Somut olayda, Bölge Adliye Mahkemesi hükmünün gerekçe kısmında “...ayrıca kayıt malikinin mirasçı bırakmadan ölmüş olması halinde TMK"nin 501. maddesi uyarınca son mirasçının Devlet olması nedeniyle Hazinenin davada yer alması mümkündür. Ne var ki, somut olayda kayıt malikinin mirasçıları bulunmaktadır. Bu bakımdan Hazineye davanın yöneltilmesi doğru olmamıştır. Şu halde, kayıt malikinin mirasçıları belirlendiğine ve davanın mirasçılara yöneltilerek yürütüldüğü sabit bulunduğuna göre, Hazineye karşı açılan davanın husumet yokluğu nedeniyle reddine karar verilmesi gerekirken bu konuda olumlu veya olumsuz bir karar verilmemiş olması hatalı olduğundan davalı Hazinenin istinaf başvurusunun kabulü ile hükmün bu yönüyle düzeltilmesine karar verilmesi gerektiği kanaatine varılmış ve aşağıdaki şekilde hüküm kurulmuştur...” denilmiş hüküm fıkrasında ise; “...davacının tapu iptali tescil ve tazminat taleplerinin reddine...” karar verilmiştir. Gerekçede davaya dahil edilen Hazine yönünden davanın husumet yokluğu nedeniyle reddine karar verilmesi gerektiği belirtilmiş, ancak hüküm fıkrasında Hazine yönünden yapılan açıklama yönünde hüküm kurulmamıştır. Bu şekilde, gerekçe ile hüküm fıkrası arasında çelişki meydana getirilmiştir. Bahsi geçen karar, açıklanan bu nedenle Yargıtay denetimine, usul ve yasaya uygun olmadığından hükmün bozulması gerekmiştir. Mahkemece yapılacak iş önceki kararla bağlı olmaksızın çelişkiyi kaldırmak kaydı ile yeni bir karar vermekten ibarettir.
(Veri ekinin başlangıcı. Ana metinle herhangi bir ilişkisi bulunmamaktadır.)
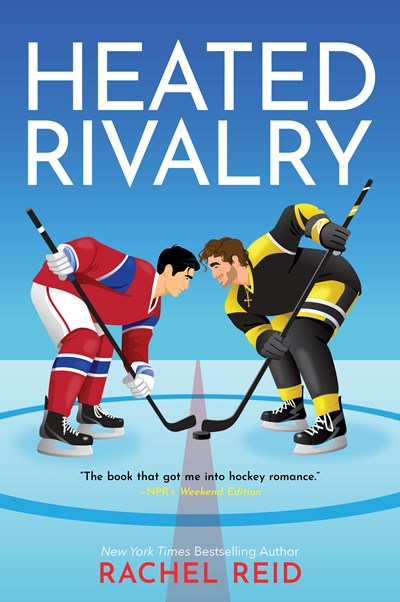 Heated Rivalry (Deluxe Limited Edition)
SONUÇ: Yukarıda açıklanan nedenlerle davacı vekilinin temyiz itirazları yerinde görüldüğünden kabulüyle HMK’nin 371. maddesi gereğince Bölge Adliye Mahkemesi kararının BOZULMASINA, bozma nedenine göre davacı vekilinin diğer temyiz itirazlarının bu aşamada incelenmesine yer olmadığına, dosyanın Bölge Adliye Mahkemesine, karardan bir suretin de İlk Derece Mahkemesine gönderilmesine, peşin alınan temyiz harcının istek halinde temyiz edene iadesine, 14.01.2020 gününde oy birliğiyle karar verildi.